Figure 2.The dynamic CSC concept. (A) Although early stage tumors might be governed by a single CSC clone, advanced stage tumors might contain several distinct but related clones, either arising from the initial CSC clone or from its differentiated progeny via mutations or via induction by the CSC niche. Targeted therapy and/or chemotherapy eliminate the tumor mass, possibly including some of the CSCs. At least one resistant CSC clone is then responsible (possibly after acquiring additional mutations) for tumor relapse. (B) Advanced stage tumors contain several distinct but related CSC clones. Some acquire enhanced self-renewal capabilities with simultaneously decreased differentiation. During tumor progression, the CSC clones compete with each other, leading to the dominance of at least one CSC clone with the subsequent loss of differentiated tumor progeny. Over time, this leads to a flattening of the hierarchical structure and to a selection of the most aggressive CSCs. Late stage tumors may thus be comprised almost exclusively of aggressive, multiresistant CSCs, a situation similar to the one proposed by the stochastic model. (C) Carcinoma CSCs display a dynamic phenotype during systemic dissemination: they are able to at least partially lose epithelial traits through EMT. It is most likely that only a subset of such disseminating CSCs are able to survive in the systemic circulation, extravasate, and reacquire epithelial features (MET) to seed in a new microenvironment and to initiate metastasis. All three scenarios illustrated in A, B, and C occur in parallel and/or during different phases of tumor progression.

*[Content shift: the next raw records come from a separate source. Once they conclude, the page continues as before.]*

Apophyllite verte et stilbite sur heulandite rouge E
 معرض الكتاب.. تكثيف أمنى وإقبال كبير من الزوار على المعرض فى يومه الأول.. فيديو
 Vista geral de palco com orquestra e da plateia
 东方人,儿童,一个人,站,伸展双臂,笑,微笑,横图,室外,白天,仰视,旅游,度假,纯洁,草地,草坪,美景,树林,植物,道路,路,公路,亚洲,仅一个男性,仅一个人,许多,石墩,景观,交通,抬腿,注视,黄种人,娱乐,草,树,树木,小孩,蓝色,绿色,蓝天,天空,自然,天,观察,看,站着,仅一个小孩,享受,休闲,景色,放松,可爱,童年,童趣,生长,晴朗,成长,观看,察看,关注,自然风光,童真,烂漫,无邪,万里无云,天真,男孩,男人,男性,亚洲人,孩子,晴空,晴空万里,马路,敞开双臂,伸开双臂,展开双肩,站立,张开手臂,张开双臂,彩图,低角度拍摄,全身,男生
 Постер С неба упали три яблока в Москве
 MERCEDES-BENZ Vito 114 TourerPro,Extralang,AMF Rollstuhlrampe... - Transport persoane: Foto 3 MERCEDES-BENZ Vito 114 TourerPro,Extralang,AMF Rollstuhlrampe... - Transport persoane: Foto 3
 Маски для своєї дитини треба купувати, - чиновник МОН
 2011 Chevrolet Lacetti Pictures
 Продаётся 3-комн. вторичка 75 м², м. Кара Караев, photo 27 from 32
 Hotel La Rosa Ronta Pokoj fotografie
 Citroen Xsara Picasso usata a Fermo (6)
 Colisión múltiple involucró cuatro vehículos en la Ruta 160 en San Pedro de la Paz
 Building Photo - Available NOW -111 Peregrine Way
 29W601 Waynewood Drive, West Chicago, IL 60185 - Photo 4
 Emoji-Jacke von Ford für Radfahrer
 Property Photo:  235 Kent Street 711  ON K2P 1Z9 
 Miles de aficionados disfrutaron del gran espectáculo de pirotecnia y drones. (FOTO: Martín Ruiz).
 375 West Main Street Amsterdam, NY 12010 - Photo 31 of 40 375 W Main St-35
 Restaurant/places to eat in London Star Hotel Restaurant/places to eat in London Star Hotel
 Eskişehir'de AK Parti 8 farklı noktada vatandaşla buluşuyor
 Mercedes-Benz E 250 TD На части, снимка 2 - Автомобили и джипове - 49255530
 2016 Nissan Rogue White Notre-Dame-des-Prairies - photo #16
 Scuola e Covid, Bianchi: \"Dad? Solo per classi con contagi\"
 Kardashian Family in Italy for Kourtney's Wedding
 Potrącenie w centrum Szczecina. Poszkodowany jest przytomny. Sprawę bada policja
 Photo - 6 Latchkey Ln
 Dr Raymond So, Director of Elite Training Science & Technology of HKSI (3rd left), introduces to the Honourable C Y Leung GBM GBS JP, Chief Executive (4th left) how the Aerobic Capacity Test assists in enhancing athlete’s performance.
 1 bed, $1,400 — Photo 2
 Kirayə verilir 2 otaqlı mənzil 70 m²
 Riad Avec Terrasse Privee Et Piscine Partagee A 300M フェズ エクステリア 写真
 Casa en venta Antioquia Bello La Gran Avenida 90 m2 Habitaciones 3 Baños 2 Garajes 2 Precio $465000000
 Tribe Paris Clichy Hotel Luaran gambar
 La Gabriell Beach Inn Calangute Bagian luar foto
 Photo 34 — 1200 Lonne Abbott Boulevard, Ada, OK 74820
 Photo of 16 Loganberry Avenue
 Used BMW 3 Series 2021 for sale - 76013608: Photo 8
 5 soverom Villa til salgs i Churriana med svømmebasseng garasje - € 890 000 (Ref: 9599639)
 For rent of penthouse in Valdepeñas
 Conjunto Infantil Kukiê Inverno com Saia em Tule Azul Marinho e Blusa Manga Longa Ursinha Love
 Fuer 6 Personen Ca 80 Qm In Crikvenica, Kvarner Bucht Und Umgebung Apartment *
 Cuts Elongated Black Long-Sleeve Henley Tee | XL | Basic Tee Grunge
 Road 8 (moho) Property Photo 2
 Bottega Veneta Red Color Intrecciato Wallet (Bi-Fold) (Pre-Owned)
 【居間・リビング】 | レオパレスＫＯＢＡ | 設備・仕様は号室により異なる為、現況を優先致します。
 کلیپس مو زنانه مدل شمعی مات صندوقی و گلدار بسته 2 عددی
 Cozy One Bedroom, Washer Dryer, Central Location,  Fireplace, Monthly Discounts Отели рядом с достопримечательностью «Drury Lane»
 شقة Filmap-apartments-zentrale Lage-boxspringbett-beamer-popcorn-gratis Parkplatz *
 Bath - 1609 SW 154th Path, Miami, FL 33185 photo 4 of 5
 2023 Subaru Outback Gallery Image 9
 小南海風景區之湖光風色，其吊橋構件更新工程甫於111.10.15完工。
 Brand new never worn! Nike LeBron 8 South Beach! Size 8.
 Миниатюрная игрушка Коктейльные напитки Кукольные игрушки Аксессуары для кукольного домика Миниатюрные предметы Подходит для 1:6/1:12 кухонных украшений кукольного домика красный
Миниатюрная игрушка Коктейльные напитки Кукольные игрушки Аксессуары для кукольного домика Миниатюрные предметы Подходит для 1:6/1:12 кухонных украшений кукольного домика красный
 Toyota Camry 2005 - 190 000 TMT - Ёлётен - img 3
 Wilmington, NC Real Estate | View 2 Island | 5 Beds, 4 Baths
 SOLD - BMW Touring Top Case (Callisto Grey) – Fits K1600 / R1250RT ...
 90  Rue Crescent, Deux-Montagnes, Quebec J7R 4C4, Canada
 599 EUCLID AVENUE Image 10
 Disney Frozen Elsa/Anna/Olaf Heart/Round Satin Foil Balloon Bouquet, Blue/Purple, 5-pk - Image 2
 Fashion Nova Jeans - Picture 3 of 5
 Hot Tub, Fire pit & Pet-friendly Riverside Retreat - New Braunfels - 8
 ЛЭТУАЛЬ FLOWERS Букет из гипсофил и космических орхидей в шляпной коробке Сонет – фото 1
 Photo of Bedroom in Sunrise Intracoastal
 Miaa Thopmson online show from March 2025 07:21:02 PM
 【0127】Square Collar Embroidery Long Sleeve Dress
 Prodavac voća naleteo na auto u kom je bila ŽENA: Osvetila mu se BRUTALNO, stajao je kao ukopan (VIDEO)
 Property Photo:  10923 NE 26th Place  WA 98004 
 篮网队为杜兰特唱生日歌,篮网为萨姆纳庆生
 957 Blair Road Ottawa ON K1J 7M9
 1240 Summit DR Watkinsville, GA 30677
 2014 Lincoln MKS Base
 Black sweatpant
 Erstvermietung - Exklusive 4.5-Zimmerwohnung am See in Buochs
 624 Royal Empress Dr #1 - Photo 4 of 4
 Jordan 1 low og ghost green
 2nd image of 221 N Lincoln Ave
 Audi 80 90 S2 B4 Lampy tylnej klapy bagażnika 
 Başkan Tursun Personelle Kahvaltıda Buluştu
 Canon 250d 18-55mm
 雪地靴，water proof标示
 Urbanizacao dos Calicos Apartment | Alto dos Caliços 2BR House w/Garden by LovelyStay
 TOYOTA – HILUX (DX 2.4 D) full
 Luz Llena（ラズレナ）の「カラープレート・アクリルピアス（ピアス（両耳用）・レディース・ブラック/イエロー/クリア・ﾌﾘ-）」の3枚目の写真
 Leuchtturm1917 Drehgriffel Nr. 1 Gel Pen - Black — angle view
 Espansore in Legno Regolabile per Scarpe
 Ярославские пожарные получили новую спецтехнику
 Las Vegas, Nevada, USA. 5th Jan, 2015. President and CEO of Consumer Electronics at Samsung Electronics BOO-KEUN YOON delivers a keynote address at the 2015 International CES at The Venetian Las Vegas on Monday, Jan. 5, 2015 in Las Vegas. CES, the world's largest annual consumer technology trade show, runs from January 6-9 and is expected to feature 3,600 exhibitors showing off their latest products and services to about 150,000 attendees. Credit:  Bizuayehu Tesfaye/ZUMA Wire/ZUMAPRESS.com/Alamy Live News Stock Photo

Figure 3.The “metastasis initiating cell” (MIC) concept. Advanced stage primary tumors are heterogeneous and multi-hierarchical structures. Upon dissociation and transplantation in immunocompromised hosts, MICs can be functionally distinguished from CSC clones by their metastatic ability in vivo (dissemination, survival in the systemic circulation, extravasation, seeding, and expansion in a new microenvironment, termed “metastatic niche”). MICs are adapted descendants and therefore subpopulations of CSCs with metastatic capacity and, possibly, organ specificity.